Nothing past the line containing "New Hampshire Hickory Open" belongs in the output. Copy exactly every line of the data below from the first up to and including it.

Web page caption snippets
*** Block opens ***

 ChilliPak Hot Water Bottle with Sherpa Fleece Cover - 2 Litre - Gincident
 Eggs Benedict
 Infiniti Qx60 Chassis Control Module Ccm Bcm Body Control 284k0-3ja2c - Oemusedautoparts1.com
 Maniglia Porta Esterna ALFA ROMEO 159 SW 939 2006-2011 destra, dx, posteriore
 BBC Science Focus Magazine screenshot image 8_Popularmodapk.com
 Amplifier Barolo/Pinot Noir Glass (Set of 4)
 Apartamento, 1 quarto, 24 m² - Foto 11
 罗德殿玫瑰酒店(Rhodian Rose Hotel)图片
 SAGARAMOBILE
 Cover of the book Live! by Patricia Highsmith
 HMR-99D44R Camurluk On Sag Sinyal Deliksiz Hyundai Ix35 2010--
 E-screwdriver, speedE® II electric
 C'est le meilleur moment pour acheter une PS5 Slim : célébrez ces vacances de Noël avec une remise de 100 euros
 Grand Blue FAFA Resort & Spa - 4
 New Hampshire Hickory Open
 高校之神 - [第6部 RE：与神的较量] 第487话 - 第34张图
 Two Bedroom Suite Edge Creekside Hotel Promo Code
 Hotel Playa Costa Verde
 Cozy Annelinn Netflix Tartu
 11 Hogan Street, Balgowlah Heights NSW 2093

*** Block closes ***

RESULT →
 ChilliPak Hot Water Bottle with Sherpa Fleece Cover - 2 Litre - Gincident
 Eggs Benedict
 Infiniti Qx60 Chassis Control Module Ccm Bcm Body Control 284k0-3ja2c - Oemusedautoparts1.com
 Maniglia Porta Esterna ALFA ROMEO 159 SW 939 2006-2011 destra, dx, posteriore
 BBC Science Focus Magazine screenshot image 8_Popularmodapk.com
 Amplifier Barolo/Pinot Noir Glass (Set of 4)
 Apartamento, 1 quarto, 24 m² - Foto 11
 罗德殿玫瑰酒店(Rhodian Rose Hotel)图片
 SAGARAMOBILE
 Cover of the book Live! by Patricia Highsmith
 HMR-99D44R Camurluk On Sag Sinyal Deliksiz Hyundai Ix35 2010--
 E-screwdriver, speedE® II electric
 C'est le meilleur moment pour acheter une PS5 Slim : célébrez ces vacances de Noël avec une remise de 100 euros
 Grand Blue FAFA Resort & Spa - 4
 New Hampshire Hickory Open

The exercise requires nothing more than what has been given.